С артистами у нас сложные отношения.
С одной стороны, артистам аплодируют за вдохновляющие произведения искусства, которые могут изменить чью-то жизнь, а с другой – на них смотрят с подозрением, пренебрежением и разнообразными мыслями, вроде: «Найди уже работу». Посмотрите в СМИ: в одну секунду мы боготворим артиста, а в другую – обвиняем во всех грехах. Артисты впитывают это и сохраняют этот круговорот, артисты делают это по отношению друг к другу, и к самому себе.
Неудивительно, что артистам так трудно сохранять романтические стандарты, которые они пытаются достигнуть не просто, чтобы порадовать других, но и чтобы достичь той планки, которую они сами же и поставили, когда только начали понимать свою творческую личность. Неудивительно, что так много артистов ломаются под давлением, сходят с ума, принимают наркотики, совершают самоубийство или меняют имя и скрываются на уединенных островах.
Артисты могут ментально стать заложниками на чердаке, в этом романтическом водовороте, в котором художники, писатели и музыканты застревают в кошмарах со своим участием. Вы знаете чердак. Это комната на самом верху дома, освещаемая свечами, где артист сидит с ручкой или кистью и корпит над своими работами. В одиночестве. Пьяный. Выкуривающий сигарету за сигаретой. Творящий. Страдальческий. Возможно, он сидит в шарфе.

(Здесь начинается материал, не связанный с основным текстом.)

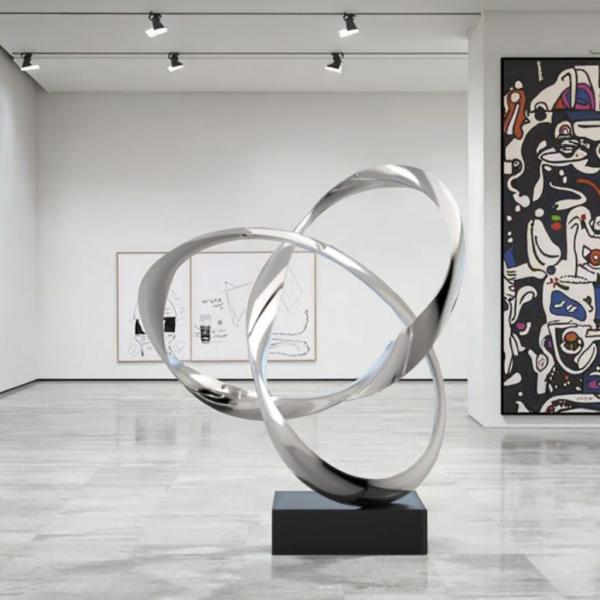 Mirror Abstract Stainless Steel Intertwined Rings Sculpture Modern Art Decor for Home & Office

Творческое пространство артиста реально и необходимо, оно может представлять собой все, что угодно, и до того, как я начала пользоваться Twitter, я не осознавала, что создала для себя очень четкие, суеверные правила во время моего процесса: «Мне необходимо быть дома. Мне нужно абсолютное уединение. Я создаю тишину. Мне нужно выглядеть как артист».

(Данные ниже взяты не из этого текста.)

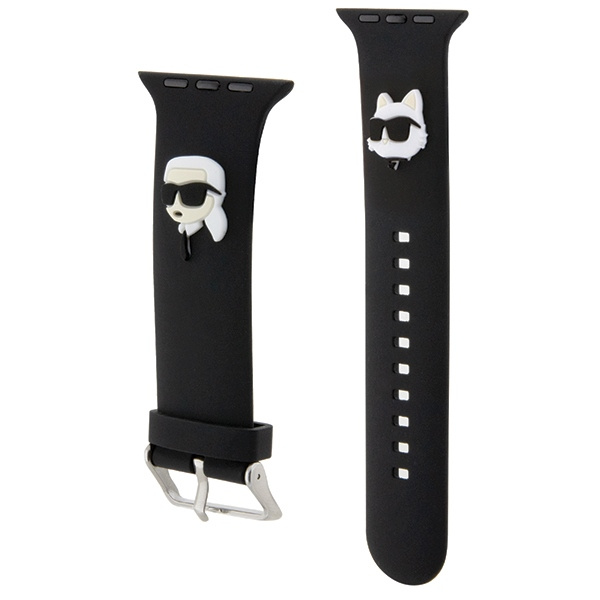 Karl Lagerfeld Pasek KLAWLSLKCNK Apple Watch 42/44/45/49mm czarny/black strap 3D Rubber Karl&Choupette Heads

А потом как-то однажды я нарушила эти правила, когда работала над The Bed Song, эту песню я написала за два часа при включенных компьютере и телефоне. У меня всегда было правило: никакого Twitter, пока я пишу. Только плохие артисты так делают. Однако в этот раз я объявила в Twitter, что сажусь за работу и даже выложила фотографии моего прогресса и наброски текста. Люди подбадривали меня. Эта песня оказалась одной из лучших из написанных мной. Кто бы знал?
Рациональный артист знает, когда спрятаться на чердаке, когда открыть настежь окна и когда выйти на кухню, где обитает общество. Самое важное – это понимание, что никаких правил не существует: то, что работает с одной песней, может не сработать для другой.
Когда ты закончил работу, возникает новая проблема. За входной дверью твоего дома начинается рыночная площадь. Там очень шумно. Ларьки, звук торгов, обмена и звон кассовых аппаратов. Это глупо и приземленно по сравнению с чердаком – и неважно, как выглядит ваша версия чердака, – где происходит творческий процесс.